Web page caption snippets
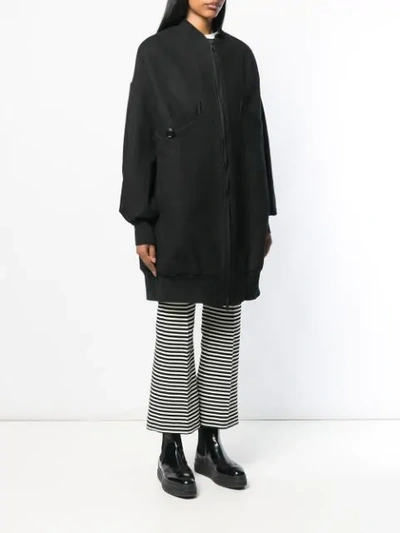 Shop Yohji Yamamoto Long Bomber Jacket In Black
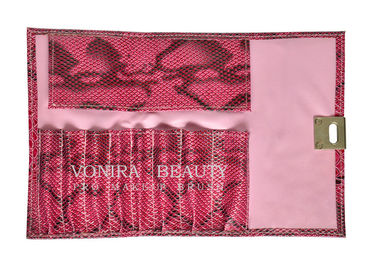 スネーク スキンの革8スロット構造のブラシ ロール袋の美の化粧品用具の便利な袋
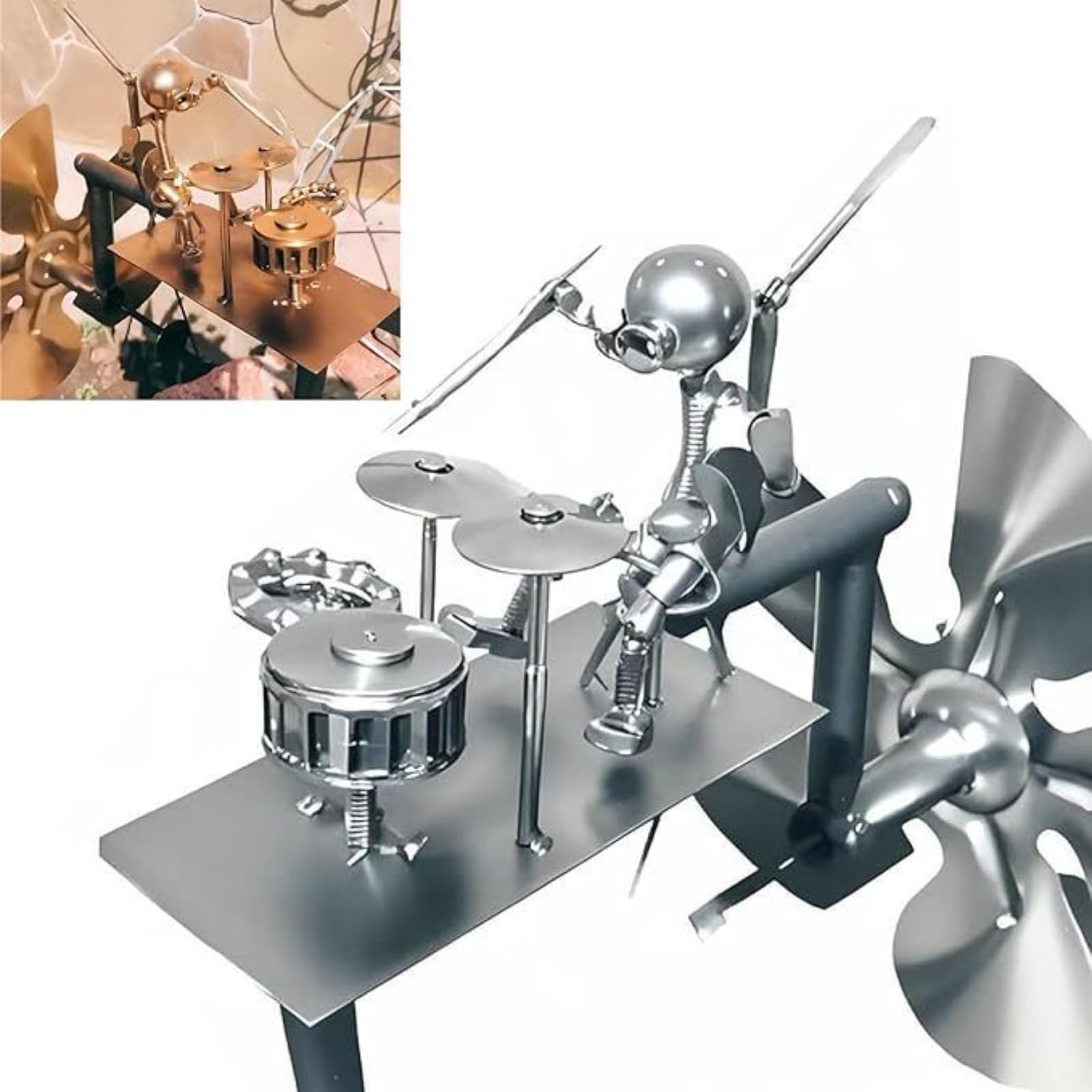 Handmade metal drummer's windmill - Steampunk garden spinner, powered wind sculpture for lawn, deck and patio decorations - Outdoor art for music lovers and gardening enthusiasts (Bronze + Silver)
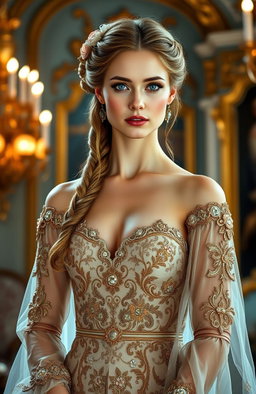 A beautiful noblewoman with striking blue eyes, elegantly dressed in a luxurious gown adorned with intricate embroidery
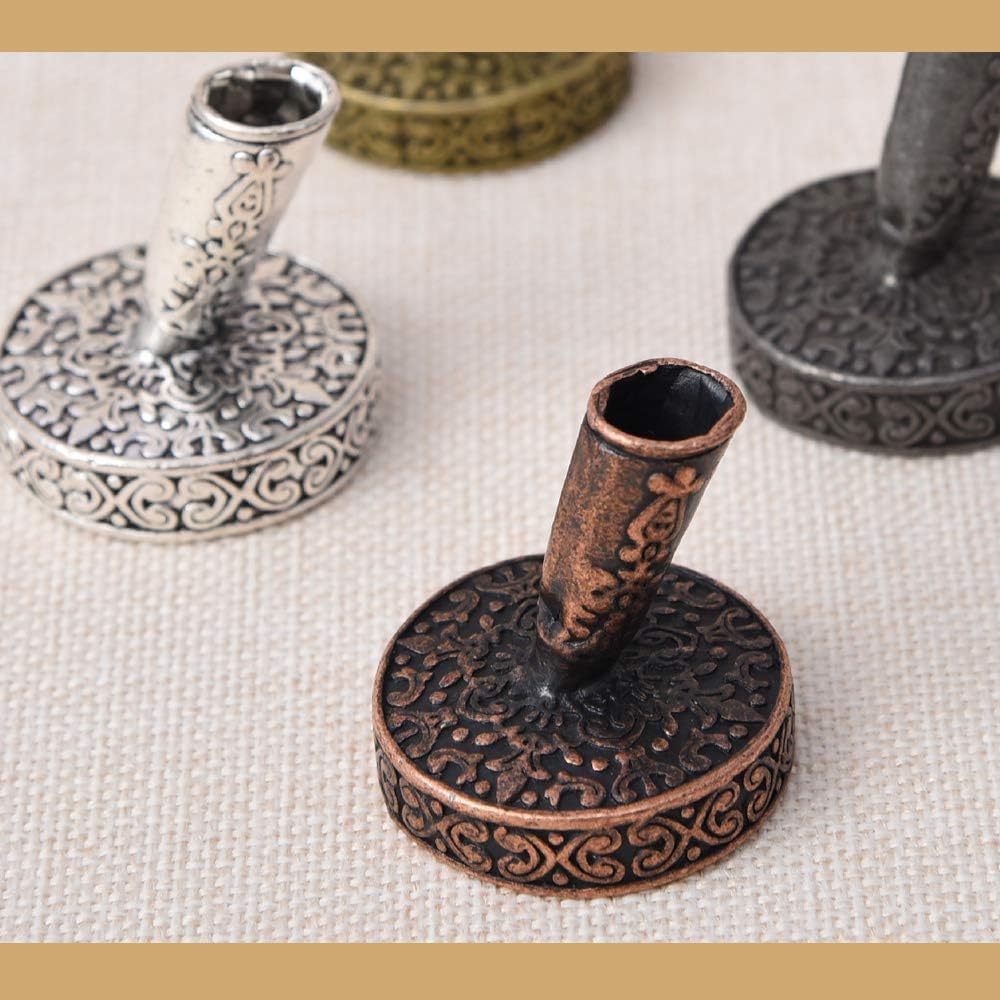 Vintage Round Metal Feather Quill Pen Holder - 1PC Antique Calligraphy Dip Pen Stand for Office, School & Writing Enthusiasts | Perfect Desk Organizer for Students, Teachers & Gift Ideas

Directions >> Leave the pictures out. Extract exactly the lines running from the one with "Handmade metal drummer's" through the last entry, both ends included.

Written solution >>
 Handmade metal drummer's windmill - Steampunk garden spinner, powered wind sculpture for lawn, deck and patio decorations - Outdoor art for music lovers and gardening enthusiasts (Bronze + Silver)
 A beautiful noblewoman with striking blue eyes, elegantly dressed in a luxurious gown adorned with intricate embroidery
 Vintage Round Metal Feather Quill Pen Holder - 1PC Antique Calligraphy Dip Pen Stand for Office, School & Writing Enthusiasts | Perfect Desk Organizer for Students, Teachers & Gift Ideas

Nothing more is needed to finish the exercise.